Other states have already begun adopting the registered series since its introduction by Delaware in 2019. On June 1, 2022, Texas amended its own Series LLC allowing for a Series LLC to have both protected and registered series. These entities are often used in oil exploration financing. 

Work has been done outside of Delaware law to progress the adoption of Series LLC legislation in other states. In 2017, the Uniform Law Commission (“ULC”) published the Uniform Protected Series Act (“UPSA”). The UPSA creates prescriptive rules aimed at ensuring that Series LLCs are used responsibly.  

The fact that the Delaware General Assembly continues to revise their Series LLC law demonstrates the legislature’s commitment to the continued success of Series LLCs. Delaware has shown that it is willing to continue refining its laws to support the world’s most ambitious entrepreneurs and innovators by enabling them to profit from this powerful and innovative entity. 

The Series LLC: Not Your Average Business Entity

SeriesLLC.com Founder John Legaré Williams recently gave a TEDxWilmington Talk on the series LLC. This is what he discussed.

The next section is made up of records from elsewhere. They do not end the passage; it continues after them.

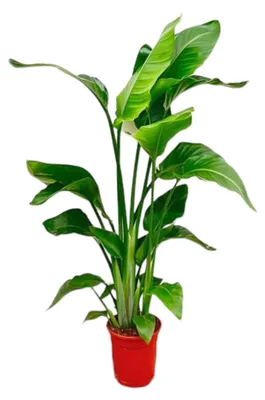 Immagine prodotto di Strelitzia Nicolai - 70-90cm - Ø17cm - Pianta d'appartamento - Sempreverde
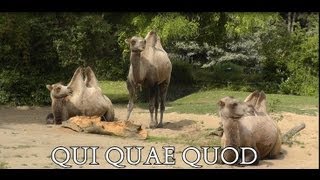 Qui quae quod [upl. by Odelia]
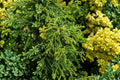 Twisted Hinoki Cypress Tree 4 Inch Pot | Dwarf Evergreen Conifer | Spiral Japanese Cypress | Bonsai & Garden Accent | Chamaecyparis obtusa 'Torulosa'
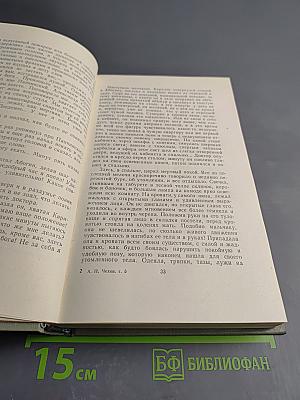 Собрание сочинений. Том пятый: Рассказы 1887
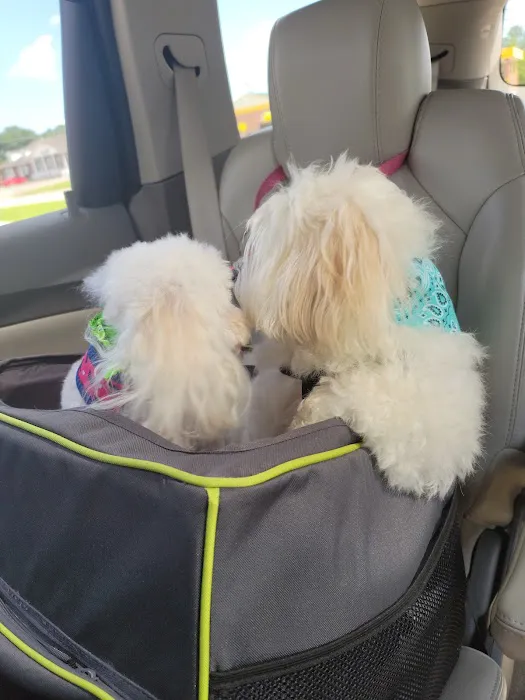 Arlington Animal Clinic Picture 1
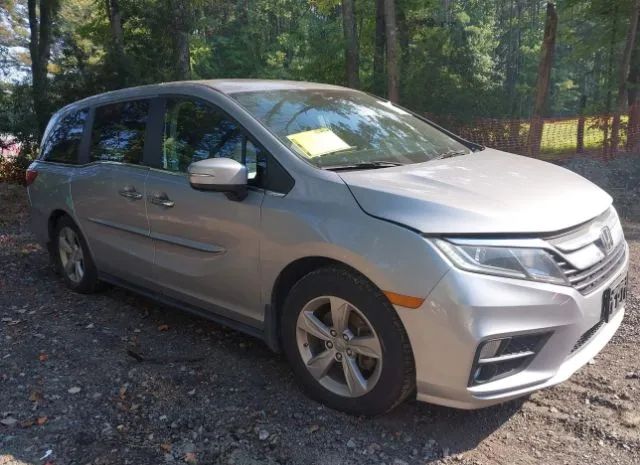 HONDA ODYSSEY 2019 5fnrl6h72kb031760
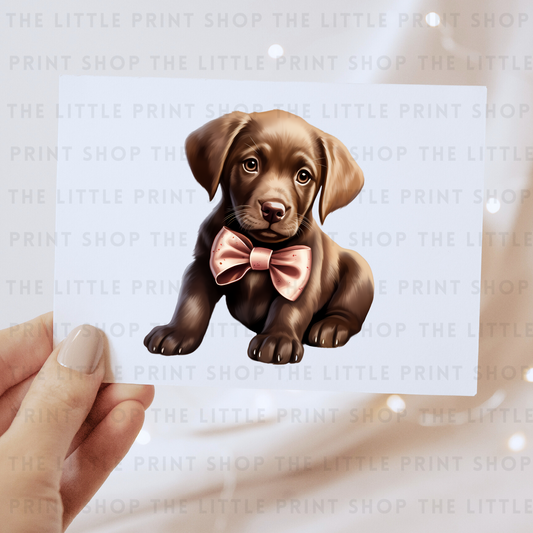 Dog Bow - DTF Transfer Decal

  • The Series LLC allows you to separate your assets
  • Many business types can use the Series LLC
  • The Delaware Series LLC is a popular choice

I need you to suspend your disbelief just for a second and imagine I am Mick Jagger. I am on a tour playing in small venues across the United States. I’ve just arrived in Wilmington, Delaware, where we’re performing a concert at the sold-out Queen Theater. While they’re serving cold beverages in the back, they’re also serving hot coffee. Someone orders a hot coffee, walks through the crowd, bumps his elbow and drops the cup of coffee on concert goers and staff resulting in minor burns. So, what happens next?

We’re in America, so people get sued. Those with the temporary discomfort of a cup of hot coffee to the skin decide to sue—and sue everyone they can. They sweep the streets. The allegedly injured see dollar signs and decide to sue the artist, the touring company, and the Queen Theater venue all as defendants, in addition to the man carrying the coffee. The man carrying the coffee is broke and essentially judgement proof, which is the reason so many get sued. The other defendants who may be indirectly to blame are thought to be wealthier or insured. This makes them attractive targets for the lawsuit.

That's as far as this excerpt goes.